RECORDS FOR THIS TASK
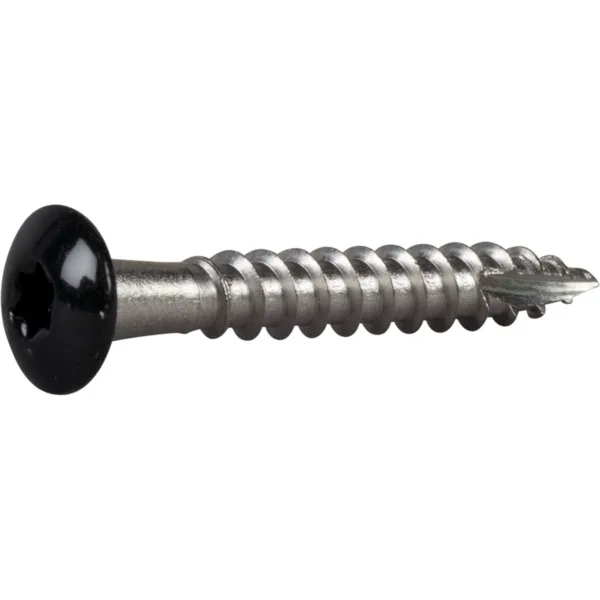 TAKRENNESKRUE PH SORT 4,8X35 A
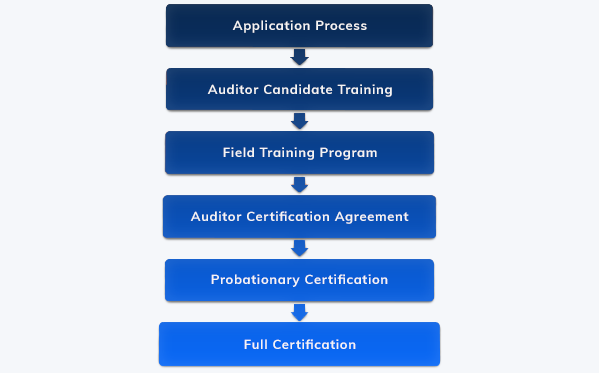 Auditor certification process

---

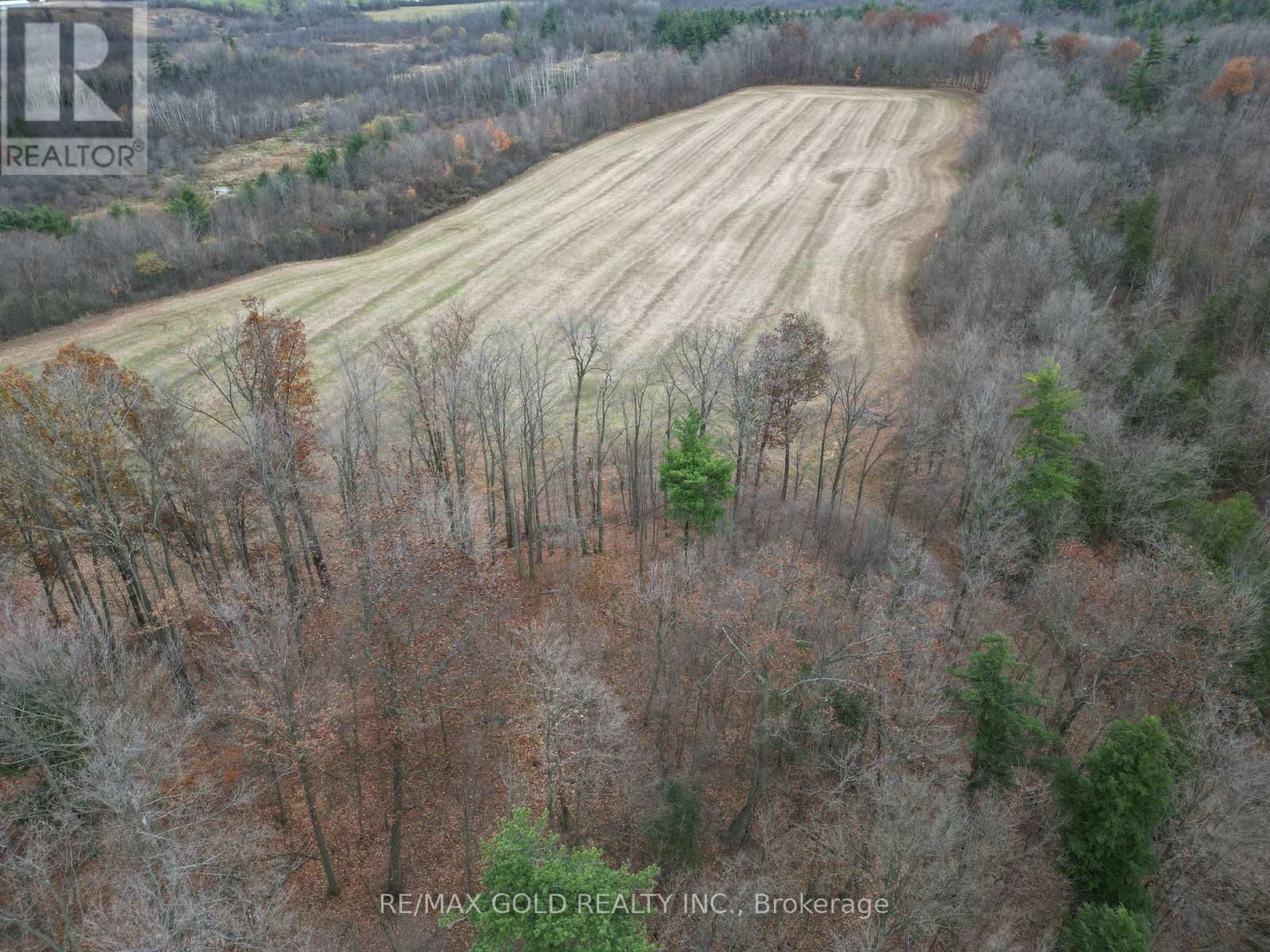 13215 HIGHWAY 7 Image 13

==

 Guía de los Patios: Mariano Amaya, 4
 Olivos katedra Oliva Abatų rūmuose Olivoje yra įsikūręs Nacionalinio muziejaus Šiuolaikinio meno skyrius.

TASK BRIEF
Your answer should be the exact lines above from the one with "Guía de los Patios: Mariano Amaya, 4" through the one with "Olivos katedra Oliva", both included, and nothing besides.

RESULT OF THIS TASK
 Guía de los Patios: Mariano Amaya, 4
 Olivos katedra Oliva Abatų rūmuose Olivoje yra įsikūręs Nacionalinio muziejaus Šiuolaikinio meno skyrius.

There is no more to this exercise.